‘Junk’ DNA the key to beating breast, prostate cancer
Future scientists could use ‘universal treatments’ for fighting cancer thanks to a recent study of ‘junk’ DNA.
So-called “junk” DNA has proven key to future cancer treatments, with new analysis finding the common weakness across 12 varieties, such as breast and prostate cancer.
Non-coding DNA makes up 98 per cent of the genome, but does not carry instructions for making protein. For much of scientific history it was considered useless, but Australian research has discovered its role in structuring the genome and working with an “architect” protein.
A new study from Sydney’s Garvan Institute of Medical Research showed how binding sites, in non-coding DNA responsible for anchoring long strands of DNA together, were linked to a variety of cancers.
It marks a critical step in understanding how different tumours can develop through the body, charting regions of our biology overlooked in past analysis.
The research, published in the journal Nucleic Acids Research, was headed by Garvan researchers Amanda Khoury and Susan Clark.
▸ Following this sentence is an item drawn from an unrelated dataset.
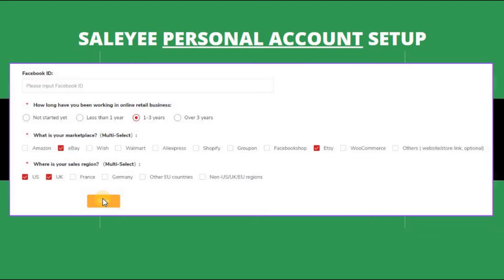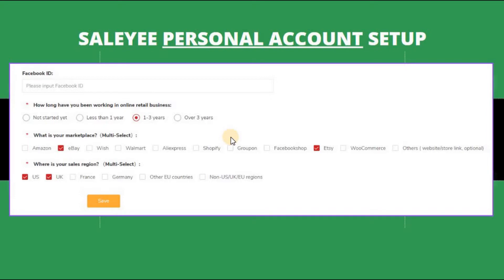So you choose whichever regions you want, and then just make sure that you save it. Once you have done that, your personal account will be created. That's all there is to it — it's quite simple. In the next clip I'm going to show you the business section where you have to provide VAT information. The form-filling process is the same as the personal account, but you're signing up for a business account which requires additional information in terms of VAT details and so on.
Dr Khoury said the study findings were a major step towards a one-size-fits-all approach to battling cancer. It is one of the biggest innovations to come out of the mapping of the 3D genome.
“Our research has found mutations in these DNA regions that could open an entirely new, universal approach to cancer treatment,” Dr Khoury said.
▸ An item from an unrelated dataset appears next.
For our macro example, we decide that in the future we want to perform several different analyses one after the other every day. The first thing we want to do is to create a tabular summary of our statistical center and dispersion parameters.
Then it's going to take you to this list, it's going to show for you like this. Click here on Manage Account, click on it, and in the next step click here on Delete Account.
“The 3D genome is in all cells, and therefore it could be a universal aspect that can be applied across disease types.”
By isolating these cancers to specific binding sites, the researchers hope they can find treatments that work across the various types of tumours, instead of having to find individual solutions.
The 12 cancers surveyed all disrupted the body’s CTCF protein, which were discovered using a specially designed AI program on 3000 tumour samples.
“CTCF is the architect of the cell,” Dr Khoury said. “I study cancer, but potentially this is something that could be involved in neurological disease or immune disease too.”
The next period of research will use CRISPR gene editing to determine how different mutations at these binding sites affect and promote the growth of cancer.
“Finding these clues that were hidden in a vast amount of data is a powerful example of how artificial intelligence is boosting medical research,” Prof Clark said.
“This is a whole new frontier in the study of cancer, and we’re excited to explore it further.
“Most new cancer treatments have to be carefully targeted to specific mutations … we’re opening up the possibility of developing approaches that could be effective for multiple cancers.”